Work to complete: The answer should hold only the lines from the one containing "For the five-round" through the one containing "Hey everyone, welcome" in the entries below, copied exactly, without pictures.

Data supplied:

Content starts

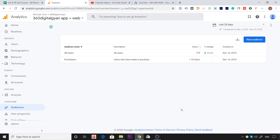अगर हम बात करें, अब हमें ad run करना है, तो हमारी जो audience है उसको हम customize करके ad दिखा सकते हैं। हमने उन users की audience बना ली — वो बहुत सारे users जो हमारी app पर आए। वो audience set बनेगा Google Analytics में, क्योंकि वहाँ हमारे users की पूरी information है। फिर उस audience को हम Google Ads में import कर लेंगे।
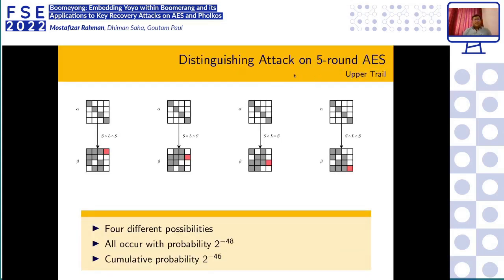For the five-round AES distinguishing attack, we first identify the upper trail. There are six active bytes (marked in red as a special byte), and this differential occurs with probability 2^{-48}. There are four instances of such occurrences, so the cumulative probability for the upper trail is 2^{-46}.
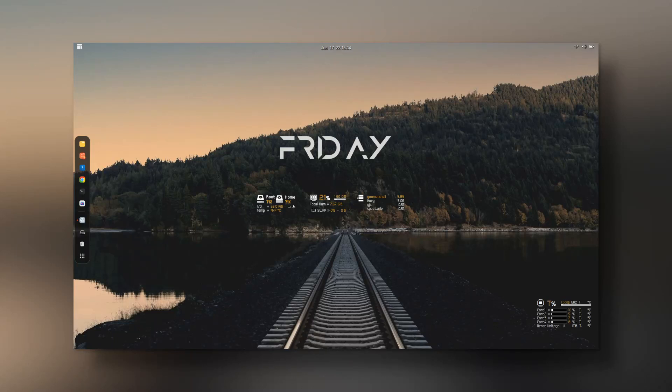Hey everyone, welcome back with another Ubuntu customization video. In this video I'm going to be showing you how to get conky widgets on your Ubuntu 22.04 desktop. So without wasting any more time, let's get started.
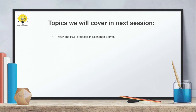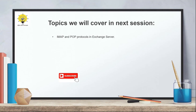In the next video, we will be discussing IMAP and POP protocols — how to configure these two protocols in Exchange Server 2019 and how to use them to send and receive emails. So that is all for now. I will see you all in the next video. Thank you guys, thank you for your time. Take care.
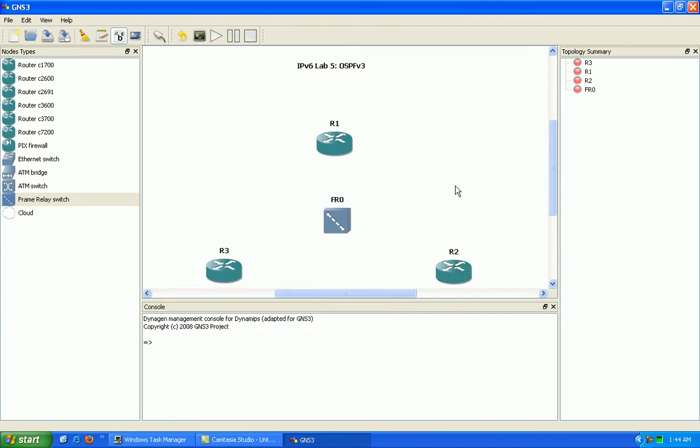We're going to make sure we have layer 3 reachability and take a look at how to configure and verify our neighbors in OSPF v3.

Content ends
Content starts

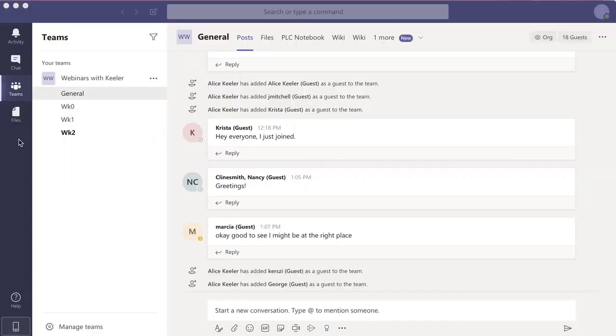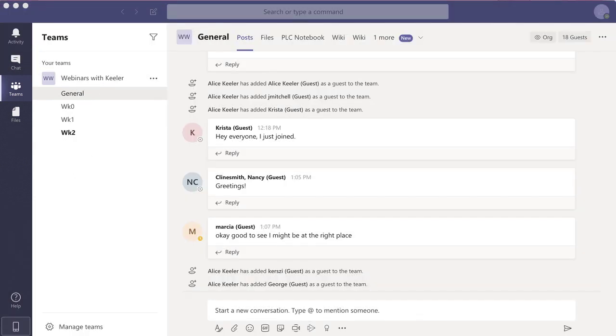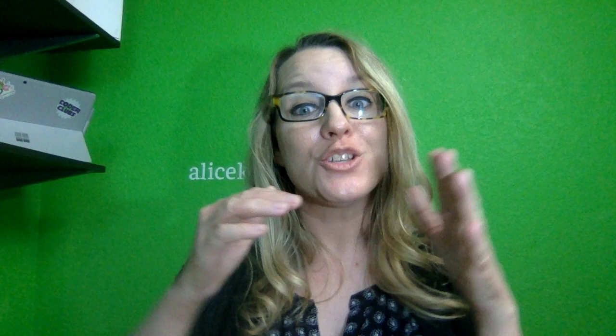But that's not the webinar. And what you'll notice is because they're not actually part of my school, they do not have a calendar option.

Content ends
Content starts

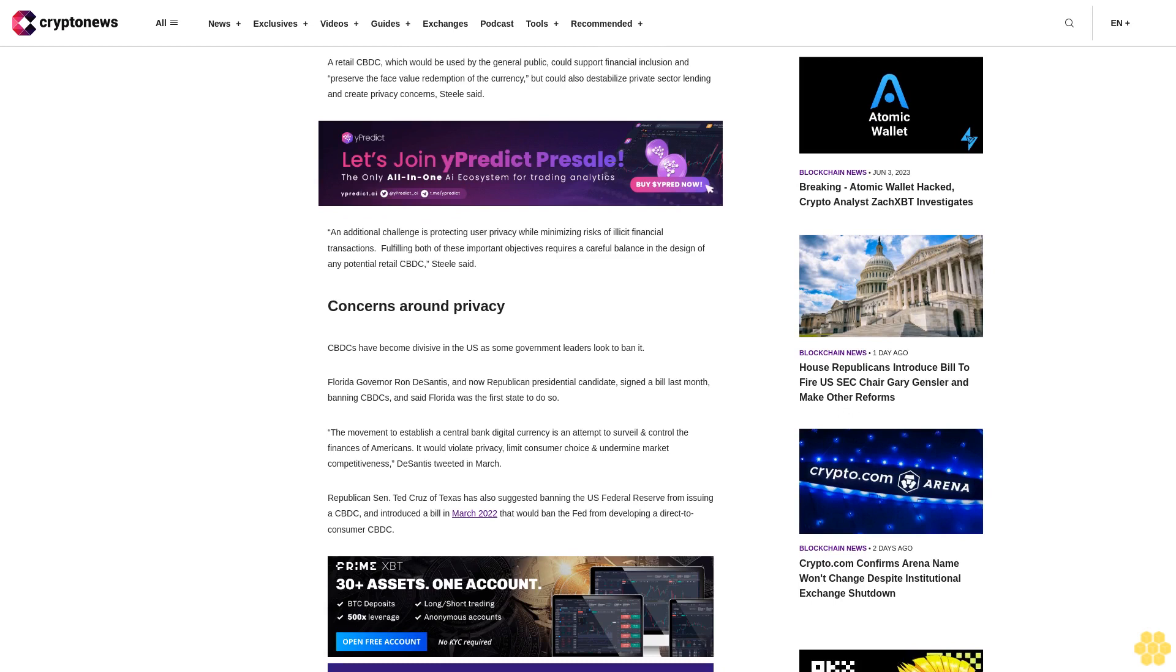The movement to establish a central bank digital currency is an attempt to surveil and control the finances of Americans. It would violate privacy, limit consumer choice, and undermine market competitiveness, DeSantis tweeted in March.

Content ends

Expected answer:
For the five-round AES distinguishing attack, we first identify the upper trail. There are six active bytes (marked in red as a special byte), and this differential occurs with probability 2^{-48}. There are four instances of such occurrences, so the cumulative probability for the upper trail is 2^{-46}.
Hey everyone, welcome back with another Ubuntu customization video. In this video I'm going to be showing you how to get conky widgets on your Ubuntu 22.04 desktop. So without wasting any more time, let's get started.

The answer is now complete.